Bells is being relocated to some more-exposed beach break 200 km. away. the contest should get underway today. Check out http://www.ripcurl.com/ripcurlpro

Some solid waves this past weekend.
Good Friday hooked it with chunky, messy speed-runs. Thanks to Bagel for coming over and getting me pumped before he went to work. First stony session in a while. NIIIIICE!!

Saturday saw some fun ramps and cylinders. One shaved-head guy near me was destroying shit!! I watched him tuck into 5 or 6 stalled-out tubes in about 40 minutes. He also punted a few solid airs. I thought he might be part of the Brigade so i kept my distance but it was highly educational to watch how he faded and then tucked himself back into those little barrels. Right spot at the right time. It was a great lesson to realize that good surfers can and do get plenty-o-barrels on the same waves were i get none, barely even see any. Guy was shredding.

Slates in Sydney (Photo: Andrew Caballero-Reynolds)

Bells struggling

Posted by Ethan at 09:41 AM
March 24, 2005
surfboarding is fun

Morning sun after late-night showers.
Nare a soul seeking waves.
Frumpy chest-high thumpers.
Some glassiness.
Smelly, filthy water.
Pretty shitty.
Steep, pitchy drops.
Surfing as relaxation.
Surfing as an escape.
Surfing for pleasure.
Just surfing.

Thanks to all the good-vibers out there.

Tom Curren video

Amir sent me some amazing photos of jim denevan's beach drawings
cool beach drawing

cool beach drawing

cool beach drawing

cool beach drawing

cool beach drawing

cool beach drawing


Chucho photos from Mexico

Bells contest still on hold

Posted by Ethan at 09:52 AM
March 23, 2005
again stormy and wild

Not much to cheer about in surf-land today. Crazy, tumultuous victory at sea conditions. Fabulous morning to sleep in.

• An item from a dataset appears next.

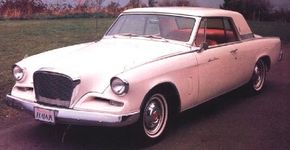 The Gran Turismo given by Studebaker to Stevens, and usually driven by his wife Alice, sported wire wheels and a silver half-roof. 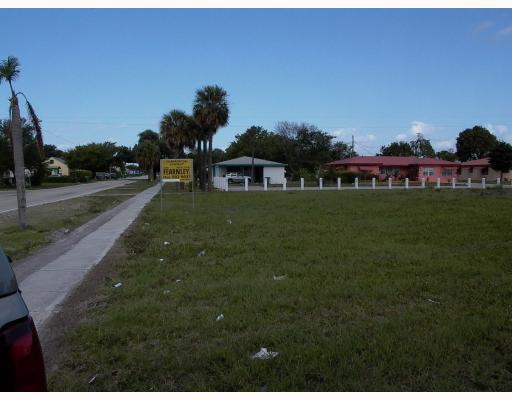 Prime location. Close to intracoastal boat ramps,Singer Island. Perfect for multi-family, storefront, office space or mixed use. Can be combined with adjoining properties to build a bigger project. Owner can build to suit or possible owner finance.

Read a few heavy books recently.

"Roots," by Alex Haley traces the story of an African boy who grows up in a traditional rural village in the Gambia, West Africa. For 300 pages you read about the proud, stoic, beautiful ways of his people, the Mandinkas. Boyhood lessons with his father. Herding goats with his friends. Manhood training with the village elders. Listening to travelling griotes speak from memory of generations and generations of ancestors dating back to ancient Mali. Things are going good for Kunte Kinte until one day in his early teens he goes out searching in the forest for a good tree-limb from which to carve out a drum. Stories of slave-traders and foul-smelling "toubob" (white men) had circulated through the villages for years. Kunta had heard of people being snatched and stolen. But he didn't think it would happen to him. Next thing he knows he's being ambushed and captured by 4 men, three large africans and a white man. He's chained up and dragged for miles back to a slave port. Whipped, branded, shaved and greased, he's then dragged into a cramped and putrid slave boat. The story gruesomely relates the 5 month voyage across the Atlantic. Chained to a row of other stolen Africans. Lying in wooden shelves in the dark, covered in their own shit, vomit and fear. People dying around them. Brought to the surface of the boat once in a while to be sprayed down. Plotting death to all slave-traders. Living in a nightmare. Hallucinating. Stolen. Ripped from life. No knowledge of where they're going. Stories of a huge white devil in some strange land that devoures all Africans. Eventually landing in Annapolis. Sold at a slave auction. Chained and brought back to the plantation. Attempts at escape result in the chopping off of half his foot. Sold to another plantation owner. Revultion at the other slaves for being ignorant of their African Roots. Eventual gut-wrenching acceptance of being "owned." Kunte marries and has a child. Child grows up and eventually tries to help her lover escape to the North. The plan is foiled and Kunte's daughter gets sold to a "po white cracker massa" who rapes and beats her. She eventually bares a mulatto baby to that master. etc. the story goes on through the generations until the birth of Alex Haley himself.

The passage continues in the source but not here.